The HO(2) + SO(2) → HOSO + (3)O(2) reaction, both without a catalyst and with (H(2)O)(n) (n = 1–3) as a catalyst, has been investigated using CCSD(T)/CBS//M06-2X/aug-cc-pVTZ methods, and canonical variational transition state theory with small curvature tunneling (CVT/SCT). The calculated results show that H(2)O exerts the strongest catalytic role in the hydrogen atom transfer processes of HO(2) + SO(2) → HOSO + (3)O(2) as compared with (H(2)O)(2) and (H(2)O)(3). In the atmosphere at 0 km altitude within the temperature range of 280.0–320.0 K, the reaction with H(2)O is dominant, compared with the reaction without a catalyst, with an effective rate constant 2–3 orders of magnitude larger. In addition, at 0 km, it is worth mentioning that the relevance of the HO(2) + SO(2) → HOSO + (3)O(2) reaction with H(2)O depends heavily on its ability to compete with the primary loss mechanism of HO(2) radicals (such as the HO(2) + HO(2) and HO(2) + NO(3) reactions) and SO(2) (such as the SO(2) + HO reaction). The calculated results show that the HO(2) + SO(2) → HOSO + (3)O(2) reaction with H(2)O cannot be neglected in the primary loss mechanism of the HO(2) radical and SO(2).
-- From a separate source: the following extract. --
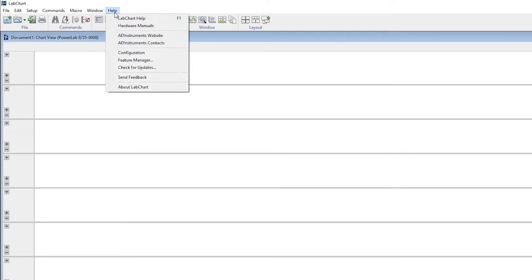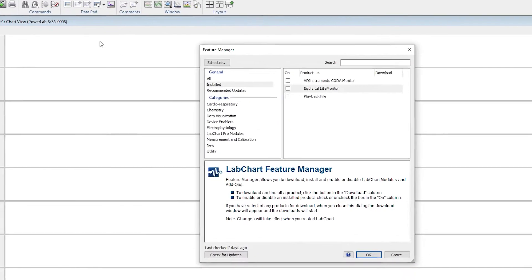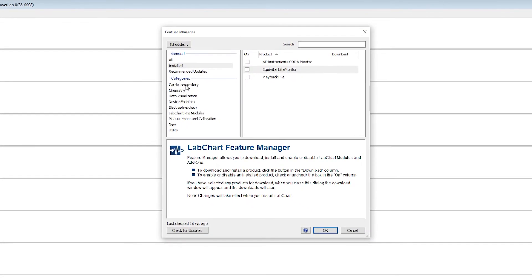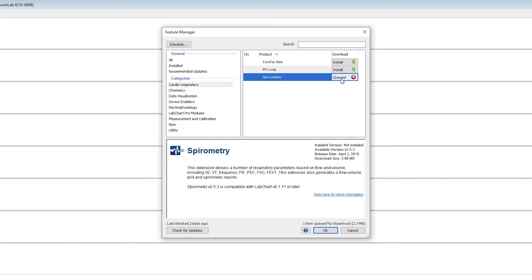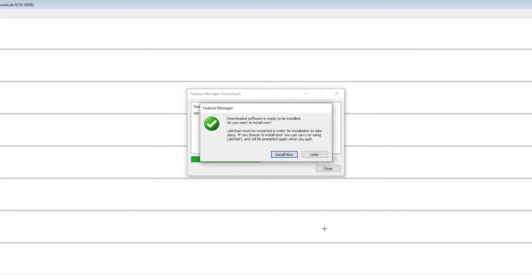For easy calibration of flow in liters per second, as well as setting up a volume channel, the spirometry extension can be downloaded in the feature manager or from the AD Instruments website.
The calculated results also show that for the formation of HOSO and (3)O(2), the contribution of H(2)O decreases from 99.98% to 27.27% with an increase in altitude from 0 km to 15 km, due to the lower relative concentration of water. With the altitude increase, the HO(2) + SO(2) → HOSO + (3)O(2) reaction with H(2)O cannot compete with the primary loss mechanism of HO(2) radicals. The present results provide new insight into (H(2)O)(n) (n = 1–3) catalysts, showing that they not only affect energy barriers, but also have an influence on loss mechanisms. The present findings should have broad implications in computational chemistry and atmospheric chemistry.